Твои слова, деянья судят люди,

Намеренья единый видит Бог.

Слова и деяния видны, намерения скрыты. Но в словах и деяниях для Пушкина душа отражается так же явно, как и в намерениях. «Буду царем на Москве!» – слова. А намерения? Установить идеал справедливости, осчастливить свой народ? Ведь не жажда власти вела его за собой. Вся тщетность этих стремлений раскрывается постепенно. Первое, что приходится совершить на тернистом пути достижения власти – обман. Бегство из монастыря превращает Отрепьева в изгоя, он возвращается в общество людей, скрыв свое лицо раззолоченной маской. Жизнь окончилась, началась игра, и он вступает в нее. Причем условия игры очевидны и приемлемы для обеих сторон. Важен не человек под маской, важно его имя:

...ни король, ни папа, ни вельможи

Не думают о правде слов моих.

Димитрий я иль нет – что им за дело?

Но я предлог раздоров и войны,

Им это лишь и нужно...

Воплощаемая идея зовет дальше, прозрение приходит постепенно. Внезапное препятствие на пути (или возможный выход) – любовь.

...мраморная нимфа:

Глаза, уста без жизни, без улыбки...

Самозванец уже готов презреть условность игры, выйти из нее, начать жизнь обновленным, постигшим новую ценность – любовь. Но эта любовь – Марина Мнишек. Холодный образ, рассудок заменяет сердце, она играет сама, она жаждет власти, ей не нужна эфемерная ценность обновления души, она забыла о ней. Вспомним лермонтовских «бездушных людей», они мертвы, ибо холодны. В облике Марины подчеркнуты эти мертвящие черты. Для нее важнее пустое имя убитого царевича, она принадлежит ему. Самозванец еще восстает против этого, противится мертвящим сетям, открывает Марине, кто он:

Я не хочу делиться с мертвецом

Любовницей ему принадлежащей.

Мгновенное разочарование постигает Лжедмитрия: его Марина любит имя, власть, игру, ей ни к чему его сомнения, ни к чему живая жизнь.

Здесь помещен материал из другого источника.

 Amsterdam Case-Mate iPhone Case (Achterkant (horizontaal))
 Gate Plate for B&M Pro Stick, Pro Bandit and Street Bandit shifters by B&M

Нет – легче мне сражаться с Годуновым

Или хитрить с придворным езуитом,

Чем с женщиной – чёрт с ними; мочи нет.

И путает, и вьётся, и ползёт.

Скользит из рук, шипит, грозит и жалит,

Змея! Змея! – недаром я дрожал.

Она меня чуть-чуть не погубила.

Кочующий образ Змея (или змеи, более просторечно). Для Лермонтова он всегда появляется напоминанием о ветхозаветном предании, об эпизоде падения, как символ соблазна души человеческой, независимо от того, мужчина это (Мцыри) или женщина (Тамара). Для пушкинского самозванца Марина – неуловимое, меняющееся зло в женском обличье.